自分じゃあ直接戦う力は劣っているけど……頑張るから。
「──そうだな。じゃ、先ずはこの手のガキ達を洗っていこう。ある程度浚ったらこの潮ノ
目学園とやらにも足を運んでみる。行くぜ」
そうしていると、はたと正明が方針を打ち出しているのが聞こえた。どうやらぼうっとし
ている間に作戦会議は大詰めを迎えていたらしい。
ガラリ。ワゴン車のドアを開けて出て行く皆の後を、ハッと我に返った麻弥が追い掛けて
いく。駅前のパーキングエリア。新旧のビルと家屋が妙に味のある猥雑さを醸し出す風景。

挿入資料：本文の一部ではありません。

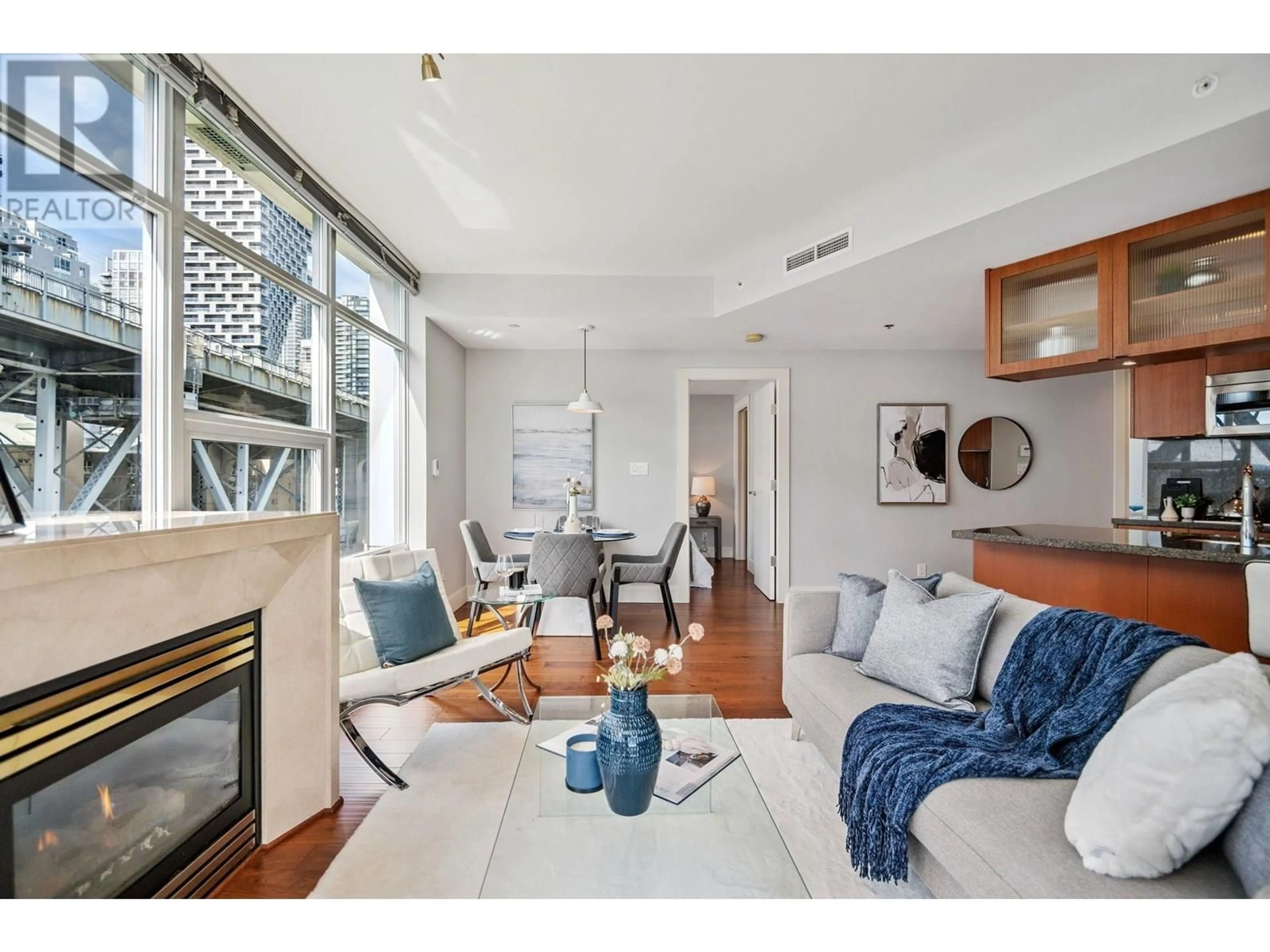 Living room with furniture, unknown for 903 - 628 KINGHORNE MEWS, Vancouver British Columbia V6Z3H6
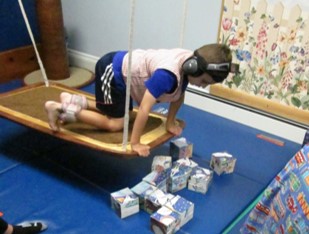 this is a photo of a boy who is quadruped on a platform swing. His upper back and neck are extended as he looks down at a pile of puzzle cubes that he will be working to assemble.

麻弥を含めた五人は所々傷んできたアスファルトの上に立ち、改めて潮風が混じるこの街の
空気を肺一杯に吸い込んでそっと意気込む。
「……あら?」
そんな時だった。さぁ行こうかというその寸前になって、ふと一羽の鳩がこちらに向かっ
て飛んで来たのである。
「ああ、式神か。何か見つかったのか?」
「ええ……」
それは凛が事前に放っておいた式神の一つだった。
彼女の差し出したその掌に止まり、すんすんとこの鳩──を象っていた折り紙が数度頭を
揺らす。
「皆、行き先変更よ。幸か不幸か……また事例が一つ増えるみたい」
長い髪を揺らして向き直り、神妙な表情。
彼女はそんな使い魔の声なき声を聞くと、そう一同に告げたのだった。